HYPER-VIT : A NOVEL LIGHT-WEIGHTED VISUAL TRANSFORMER-BASED SUPERVISED CLASSIFICATION FRAMEWORK FOR HYPERSPECTRAL REMOTE SENSING APPLICATIONS
Hyperspectral Imagery (HSI) data inherently has the ability to store finer details in the form of reflectance information through its contiguous spectral bands, which is utilized to discriminate between materials included in the data. With the emergence of deep learning (DL) over the last decade and the extent to which it has influenced applications and research in the domain of remote sensing is significant. Convolutional neural networks (CNNs), residual networks (ResNets), recurrent neural networks (RNNs), and other deep learning constructs have been employed to develop remote sensing-based computer vision applications, and have produced excellent results time and time again.
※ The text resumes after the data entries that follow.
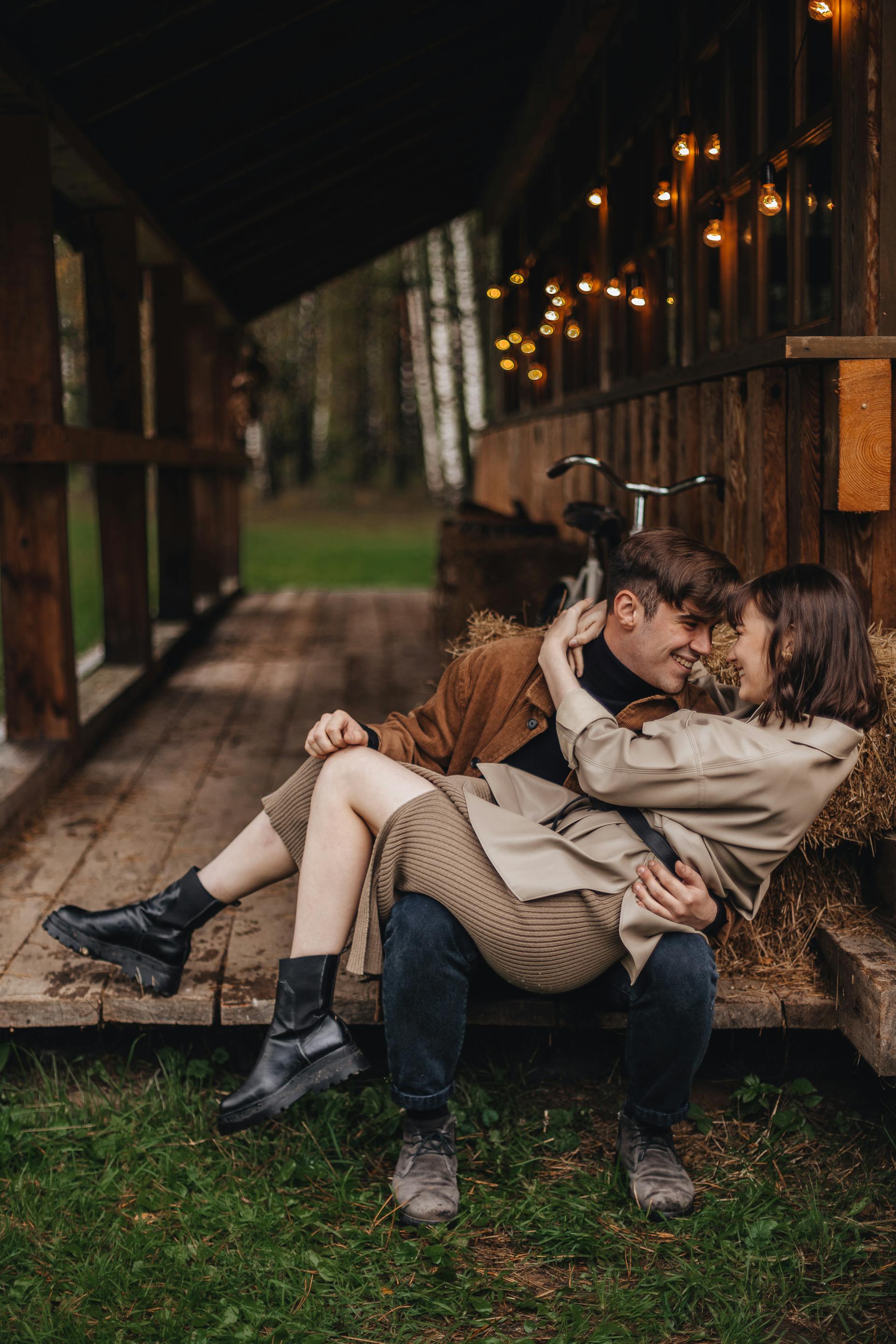 A woman sitting on a man's lap | Source: Pexels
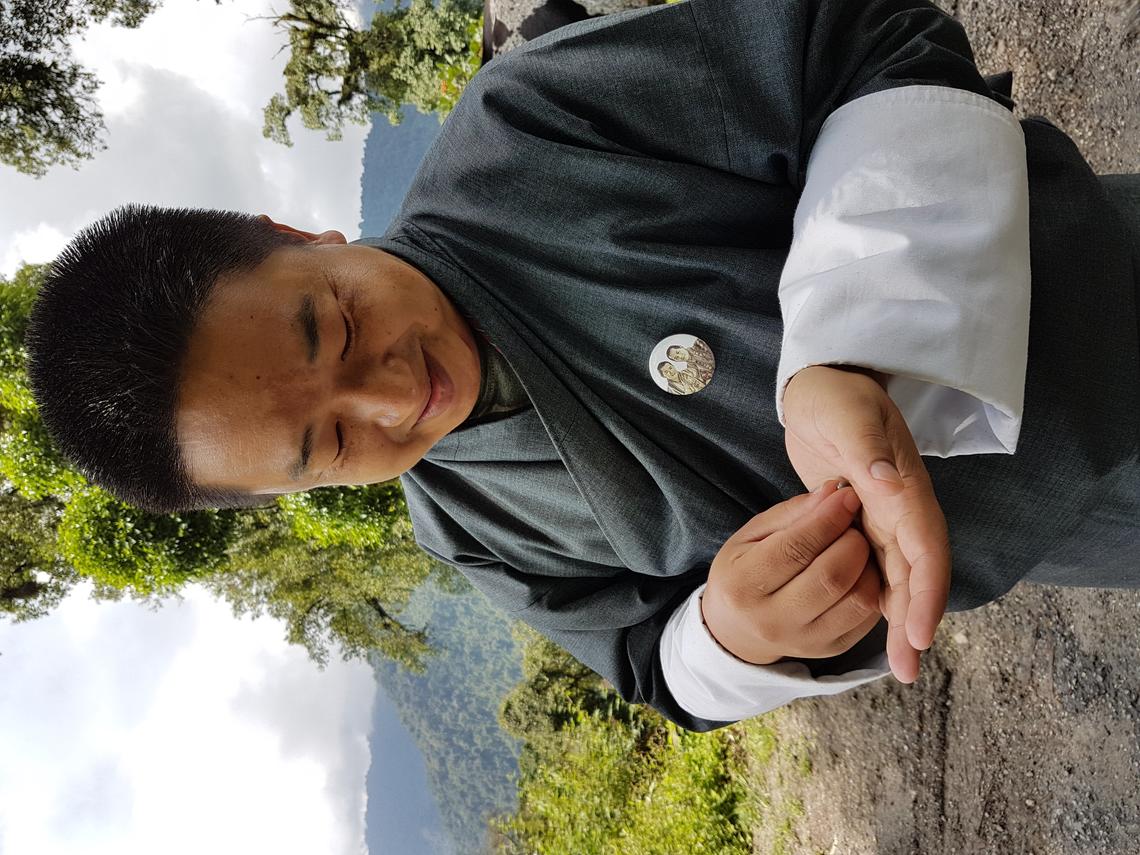 Namgyal holds a tick collected as part of his research.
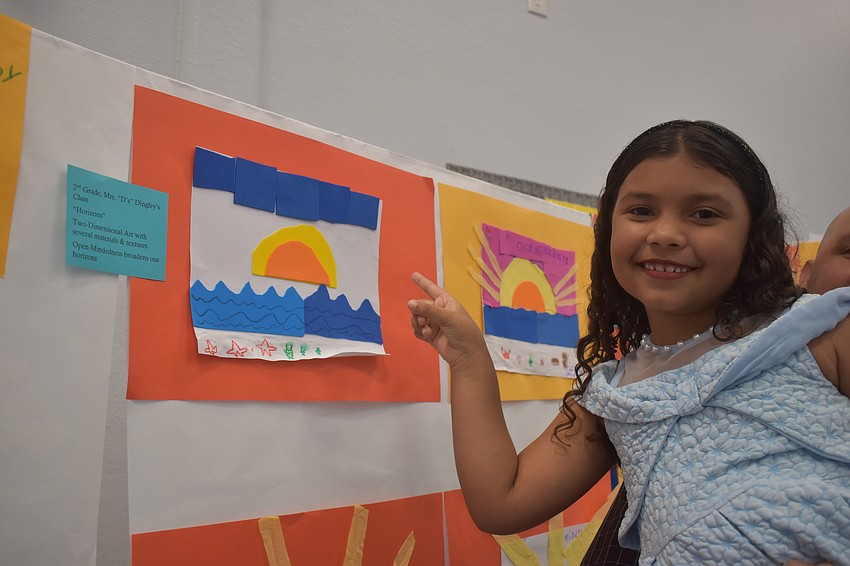 Second grader Alessia Acosta is proud of her artwork.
However, the aforementioned deep learning constructs lack the intrinsic ability to prioritize data features based on how cardinal they are in mapping inputs to ground-truths, generally called attention, thus not exploiting the underlying architecture’s potential to the fullest. Hence, in this work, we explore the breadth of influence of a novel, computationally efficient visual transformer (ViT) based architecture on HSI data based classification tasks. The efficacy of the proposed architecture is evaluated through a series of experimentation and the performance is compared against other state-of-the-art attention based HSI data classification methodologies on two datasets, Salinas and Pavia University. When compared to other approaches discussed, experimental results show that our proposed methodology outperformed them in terms of classification efficacy and computational complexity under limited training samples scenario.
Name : Pavia University
Size : (610 x 340 x 103) pixels
Name : Salinas Valley
Size : (512 x 217 x 224) pixels